Abstract
Introduction
In recent years, there has been an increasing awareness of the social responsibility of Higher Education, encouraging knowledge exchange initiatives and impact. Higher Education Institutions (HEIs) foster “creative human capital,” enabling graduate students to contribute meaningfully to the creative and cultural industries (CCIs) through their acquired skills, including specialist knowledge of the sector, critical thinking, innovation, leadership and problem-solving skills (Comunian and Gilmore, 2016: 4). This is often the result of critical and radical pedagogic approaches where education is understood as “the practice of freedom” (Freire 2018/1970, hooks, 1994), in that students are not passive recipients of knowledge deposited directly from lecturers, like in the banking education system criticised by Paulo Freire (2018/1970: 72).
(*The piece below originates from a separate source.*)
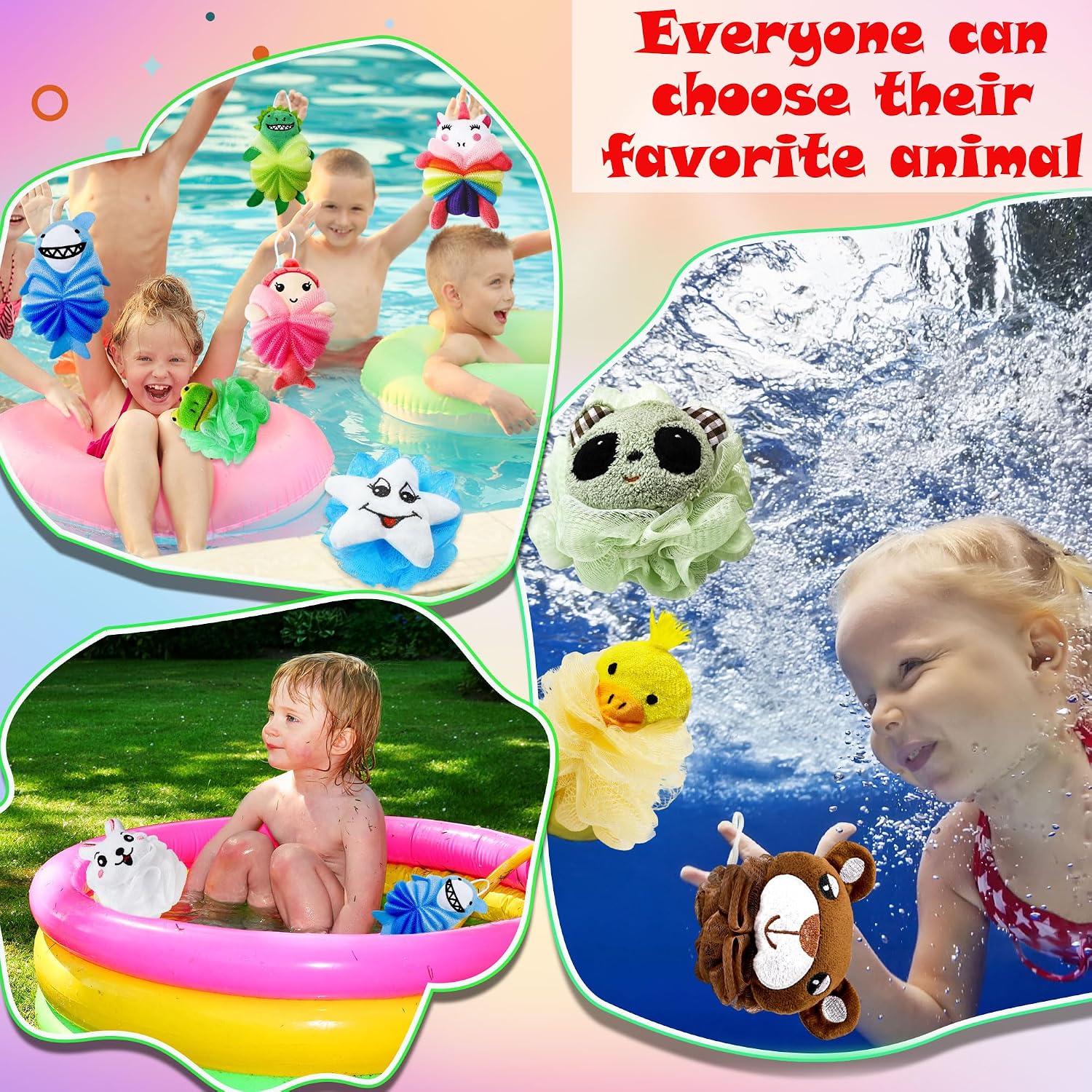 12 Pcs Kids Bath Loofahs Bath Sponge Cute Shower Ball Cartoon Animal Mesh Pouf Colorful Body Scrubbers for Girls Boys Washing Exfoliating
They are critical and creative thinkers, who situate themselves nearby tutors, rather than vertically, as class members, with the power to perceive critically the way they exist in the world with which and in which they find themselves” (Freire 2018/1970: 83).
Critical and radical pedagogy understands students as “transformers of the world” (Freire 2018/1970: 27-29). This involves a “curatorial turn” in teaching, where both tutors and students become, through respectful dialogue, co-curators of the knowledge development and exchange that happens in and beyond the classrooms of HEIs (Dovey, 2018). The curatorial turn is informed by both theory and practice, but also an understanding of the classroom, and the HEI more broadly, as a caring and engaged community. Film festival scholars have highlighted the difference between the programming and curating, emphasising the degree of multi-dimensional care involved in the latter (Bosma 2015; Dovey 2015). Similarly, in the context of education, curating entails a greater awareness of the social responsibility and horizontalism between class members – tutors and students – than designing modules to be delivered to a mass of students.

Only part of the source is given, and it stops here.